12°) LES ANNES 70 : LE BLUES BLANC ET LE BLUES-ROCK

Compositeur, guitariste et chanteur au style susurré, le sudiste J.J. Cale enregistre un blues teinté de rock d'une très grande qualité. Il crée de nombreux classiques vite repris avec succès par Lynyrd Skynyrd (« Call Me The Breeze ») puis Eric Clapton (« After Midnight », « Cocaine »). Au Texas, le virtuose Johnny Winter (« Mean Town Blues »), « Sweet Papa John »), jusque-là souvent cantonné comme Jimmy Page à des séances d'enregistrement dans l'ombre d'artistes locaux, se lance dans une carrière qui le mènera au sommet d'un blues-rock extrêmement populaire à cette époque. Il deviendra ensuite producteur à succès et guitariste attitré du vieux maître Muddy Waters.
Après le décès accidentel de Jimi Hendrix en 1970, la guitare électrique devient plus que jamais l'instrument roi. Les solistes comme Roy Buchannan sont particulièrement mis en valeur. Jorma Kaukonen (« How Long Blues ») et Jack Casady quittent le célèbre Jefferson Airplane et fondent un groupe de blues, Hot Tuna, avec le violoniste noir Papa John Creach. L'Allman Brother Band, un formidable groupe de sudistes incluant des musiciens noirs, menés par le virtuose de la slide Duane Allman (qui enregistre notamment avec Aretha Franklin et Eric Clapton), vont cristalliser ce style blues-rock au début des années 70. Leur impact sera énorme aux Etats-Unis.


Les musiciens blancs et leurs excès instrumentaux (soli trop longs jusqu'à la perte du « senti », son saturé) font beaucoup d'ombre aux bluesmen noirs, qui continuent malgré tout ça jouer, mais sans réellement obtenir le succès qu'ils méritent. Shuggie Otis (« Cold Shot »), fils de Johnny, fait une grosse impression avec son style élégant influencé par Jimi Hendrix dans l'excellent groupe de son père, mais n'obtient que peu de succès. Le chanteur guitariste Buster Benton, fixé à Chicago depuis 1959, est découvert dans le groupe du grand Willie Dixon, mais le blues est devenu une musique de plus en plus jouée et surtout achetée par des blancs qui ne peuvent prendre que ce qu'on leur propose. Les maisons de disques délaissent en effet de talentueux artistes noirs comme Andrews Brown ou l'excellent chanteur guitariste Albert Collins (« Ice Pickin' »), qui est tout de même apprécié par les amateurs. L'imagerie rock passe souvent avant la musique.
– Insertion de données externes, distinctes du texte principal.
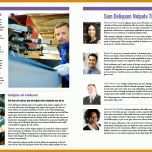 Beeindruckend Newsletter Vorlage Indesign 1000x647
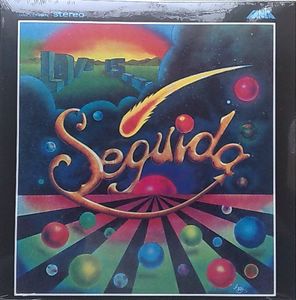 SEGUIDA - Love is - LP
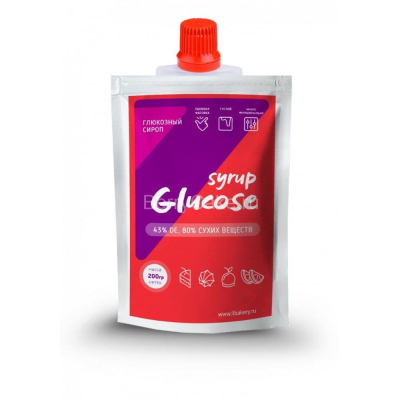 Глюкозный сироп MIXIE 150 г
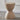 CHENGXIN HOME Isadora Stylish Round Plastic Stool from CHENGXIN HOME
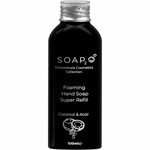 SOAP2O Coconut Hand Soap - SOAS2OAB100 Product Image 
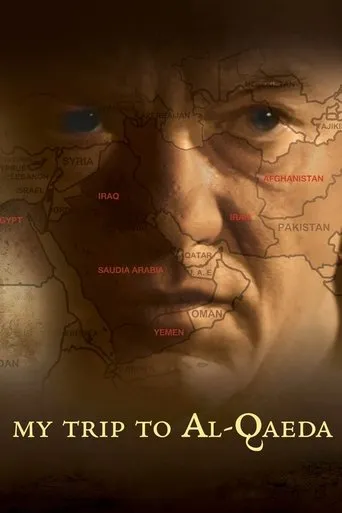 Póster de My Trip to Al-Qaeda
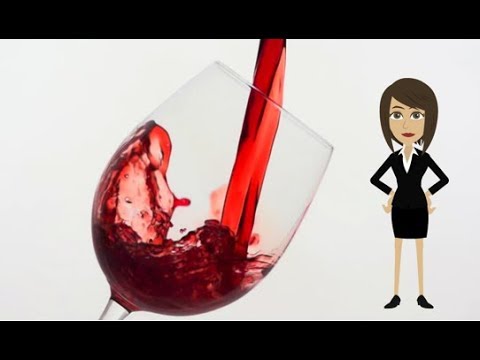 , title : 'The truth about red wine'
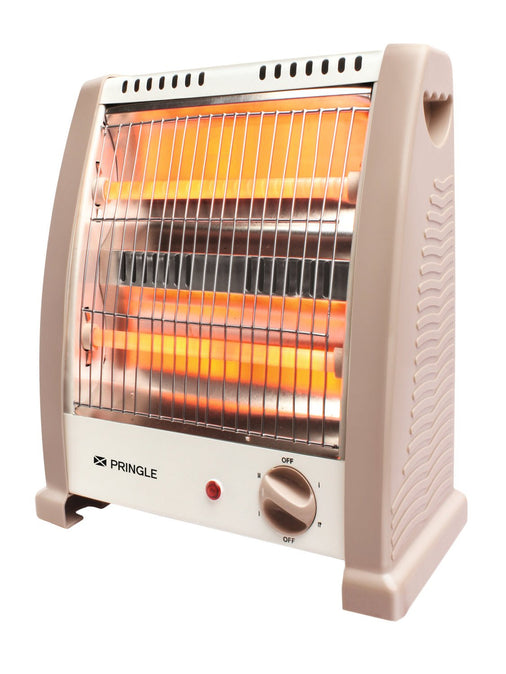 PRINGLE PQH02 Dlx Quartz Room Heater - Pringle Appliances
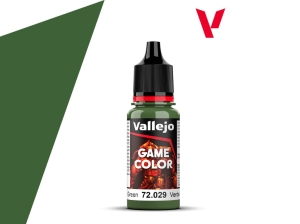 Vallejo Game Color 72029 Sick Green (18ml)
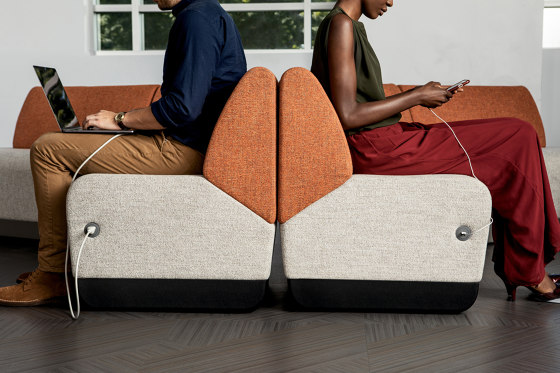 Paséa | Seating islands | SitOnIt Seating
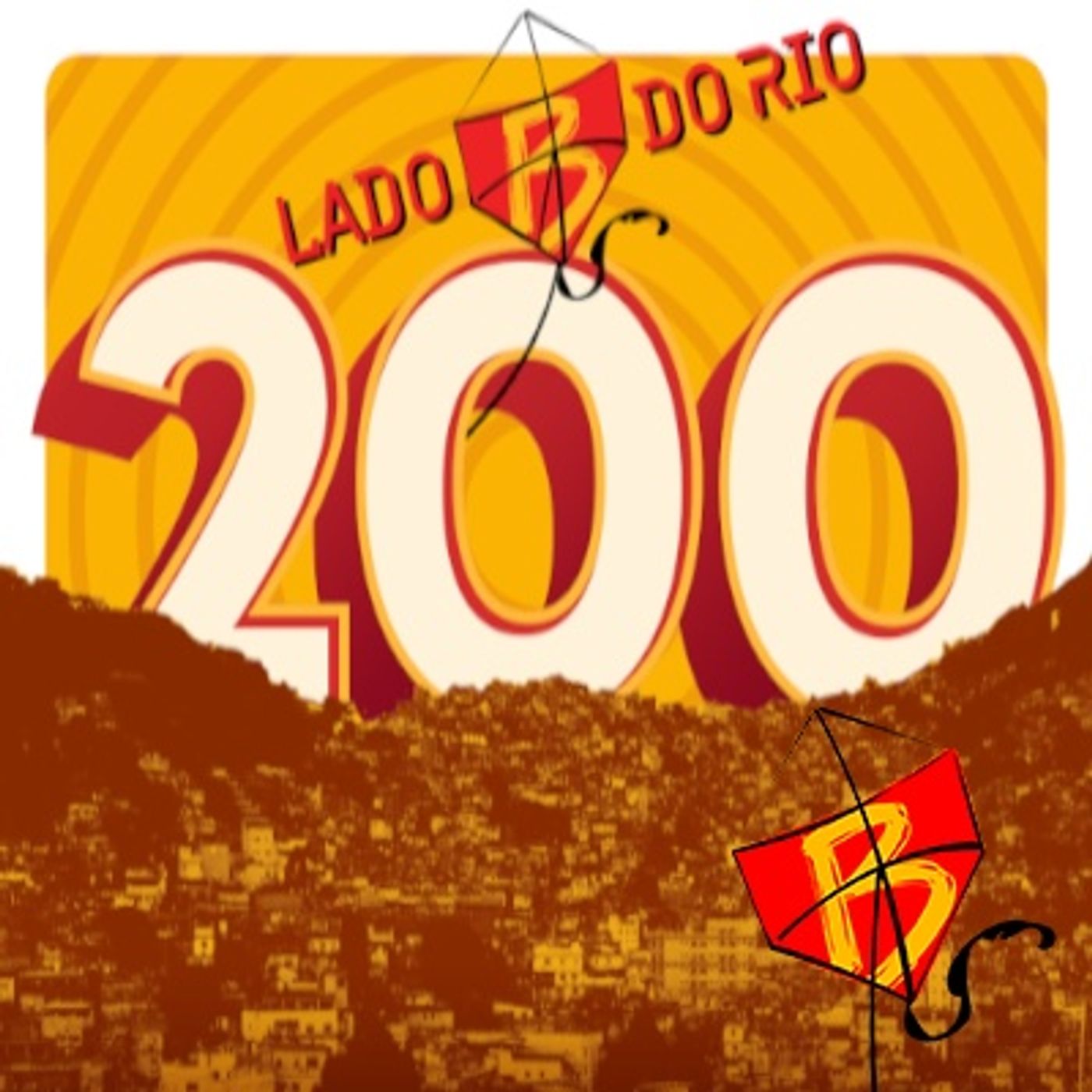 Lado B do Rio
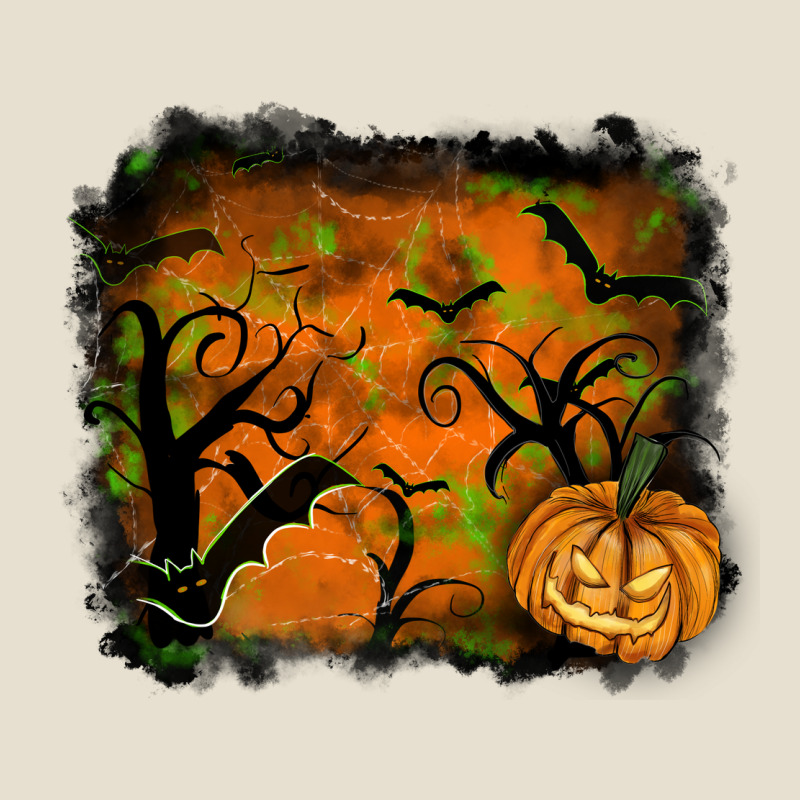 Halloween Backround Urban Hoodie by RanaPortraitStore | Teevron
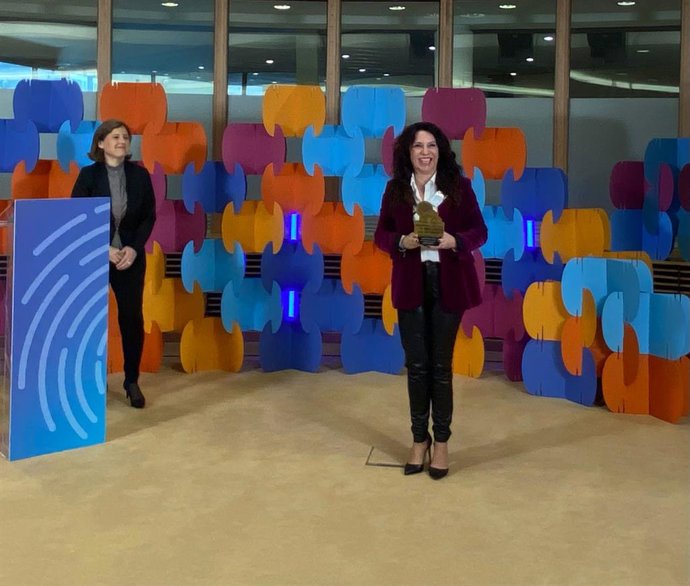 La Comisión Europea otorga a Andalucía el Premio Capitales Europeas de inclusión y diversidad.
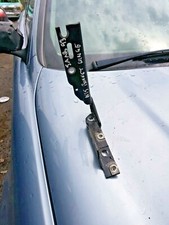 Saab bonnet hinge - saab, 93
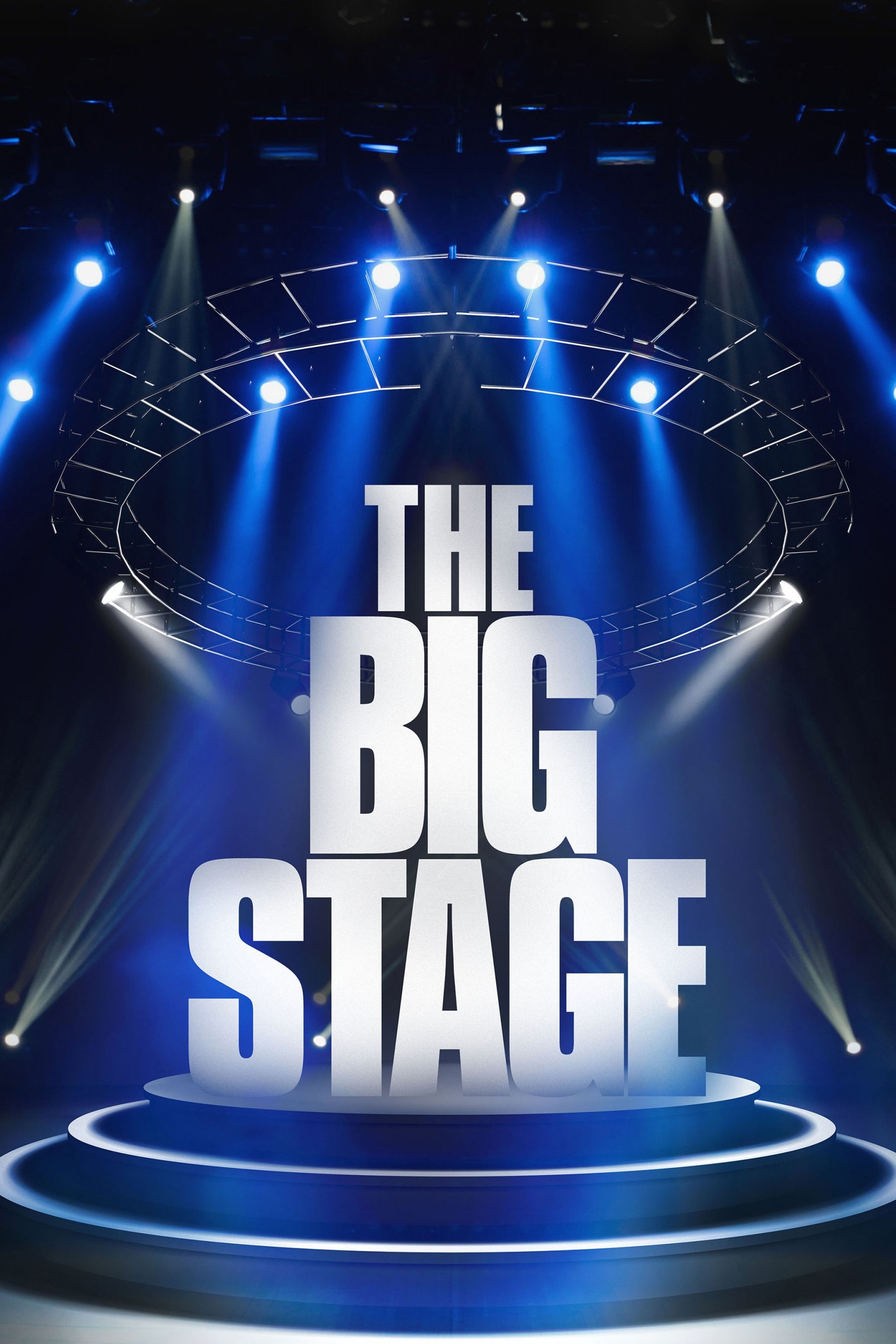 Poster de The Big Stage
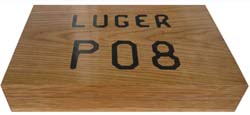 Luger P08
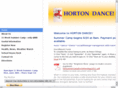 hortondance.org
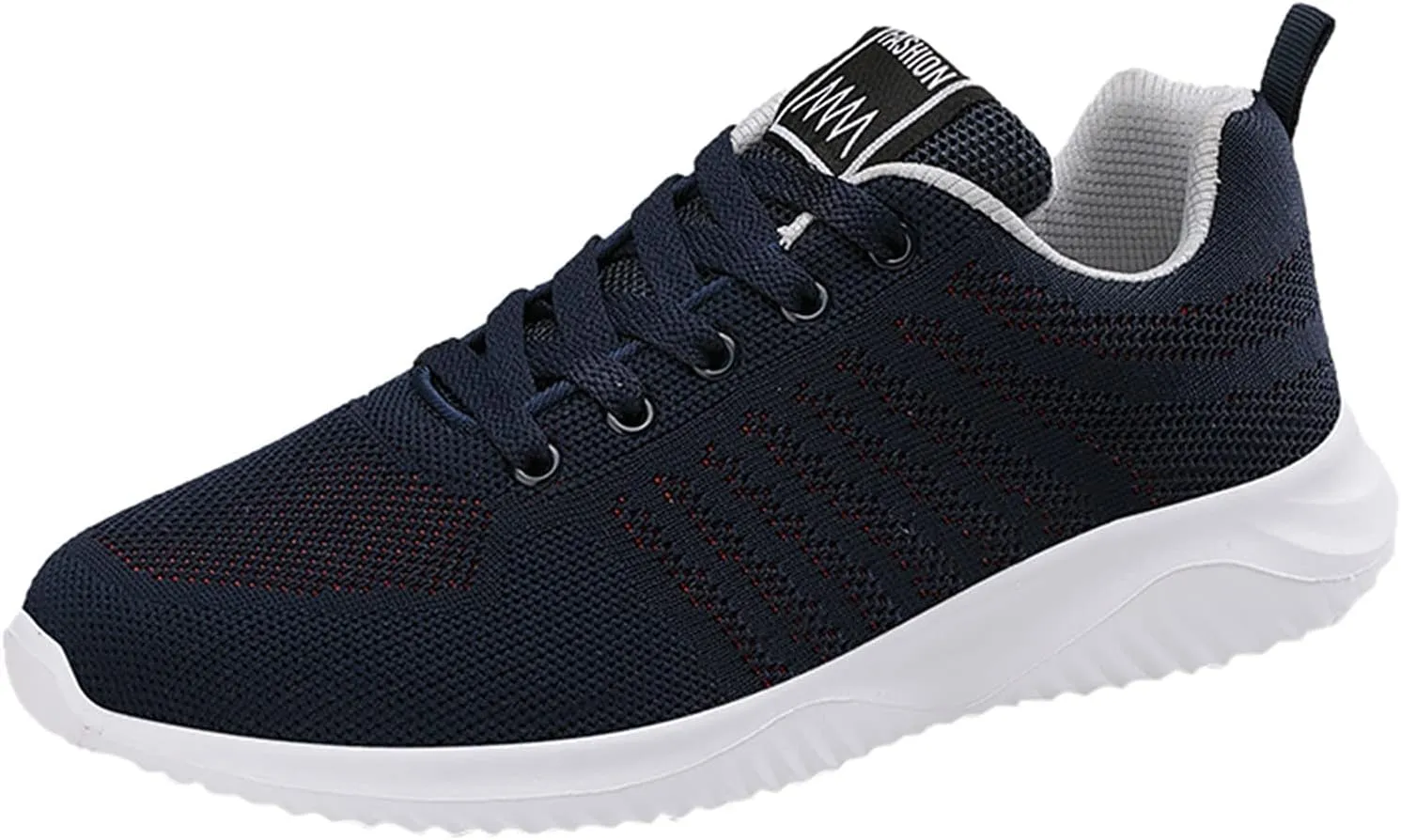 Womens Shoes Sneakers Wide Arch Support Tenis Antideslizante para Mujer Sin Agujetas Black Shoes Women Wide Heel Womens Black Sneakers Size 9 Retro Casual Slip On Shoes for Women 2023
Des talents confirmés comme Fenton Robinson, Johnny « Big Moose » Walker, Philip Walker, R.L. Burnside, au style évoquant le blues primitif, découvert sur le tard, Eddie C. Campbell (« King Of The Jungle »), Lonnie Brooks (« Bayou Lighnin' »), Thomas Shaw (« Richard Nixon's Welfare Blues »), Lafayette Leake ou Magic Slim (« Love Me Baby ») passent presque inaperçus du grand public. Eric Clapton est désormais considéré comme le dieu de la guitare blues. Joe Cocker, qui copie avec un certain talent le style de Ray Charles, vendra désormais plus de disques que son maître. Pinetop Perkins remplace feu Otis Spann au piano dans le groupe de Muddy Waters, qui engage Bob Margolin à la guitare de 1973 à 1980. Mais même ce géant est en perte de vitesse. A Memphis, Ann Peebles enregistre beaucoup de blues mais enrichit son répertoire de morceaux très soul, bine plus populaires auprès du public noir. A New York, le jeune et excellent harmoniciste Sugar Blue n'arrive pas à gagner sa vie malgré de brillants enregistrements, notamment avec Brownie McGhee et Johnny Shines. Il finit par venir jouer dans les rues de Paris et enregistre avec les Rolling Stones.